3.1. Study Cohort and RA Development

Of the 503 patients screened for eligibility, 326 (65% of those screened) were included in the final analysis, with a follow-up period of 24 months. The cohort predominantly comprised females (83%), with an average age of 45.10 ± 11.37 years. During the follow-up, 123 patients (37.7% of the cohort) were diagnosed with clinical RA according to the 2010 ACR-EULAR criteria.

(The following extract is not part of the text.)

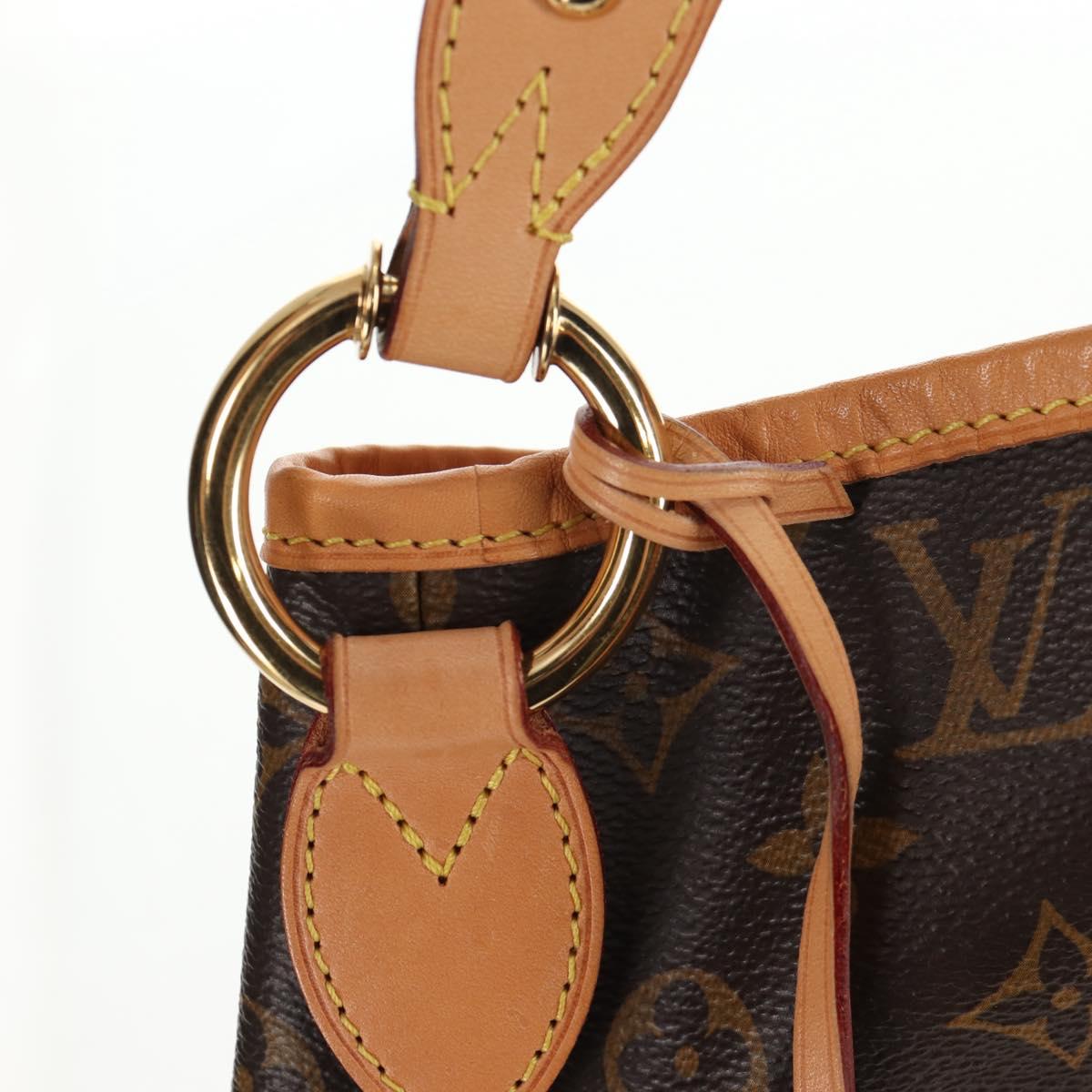 LOUIS VUITTON Monogram Delightful MM Shoulder Bag M50156 LV Auth 143903M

3.2. Baseline Characteristics

The demographic and laboratory characteristics at baseline are detailed in Table 1. The patients who developed RA (RA group) were significantly older on average (47.10 years, 95% CI: 45.32–48.88) compared to those who did not develop RA (non-RA group) (43.90 years, 95% CI: 42.49–45.31; p = 0.019). Significant differences were also observed in the baseline laboratory markers between the groups, with the RA group showing higher mean values of the white blood cell count (WBC; p = 0.012), erythrocyte sedimentation rate (ESR; p = 0.003), rheumatoid factor (RF; p < 0.0001), and anti-citrullinated protein antibodies (anti-CCP; p < 0.0001).

3.3. Baseline US Findings

Ultrasonography at baseline revealed the significantly higher prevalence of synovitis in any hand joint in the RA group compared to the non-RA group (84.6% vs. 16.3%; p < 0.0001). The RA group also exhibited the higher prevalence of positive PD signals (5.7% vs. 0.5%; p = 0.003). There were no significant differences between the groups in terms of carpal bone erosion, wrist ganglion cysts, bone hypertrophy, and IP joint erosion.

3.4. Predictors of RA Development

Both univariate and multivariate logistic regression analyses were conducted to identify predictors of RA development within 24 months. The univariate analysis identified several significant predictors, including age, WBC, ESR, RF, anti-CCP, and various ultrasonography findings. The multivariate analysis, incorporating variables with a p-value < 0.05, identified the strongest independent predictors of RA development: WBC (OR = 1.23, 95% CI = 1.02–1.50, p = 0.035), RF (OR = 1.08, 95% CI = 1.04–1.12, p ≤ 0.0001), anti-CCP (OR = 1.04, 95% CI = 1.02–1.07, p = 0.002), and certain ultrasonography findings, including radiocarpal synovial thickening, PIP and MCP synovitis, and wrist effusion (Table 2).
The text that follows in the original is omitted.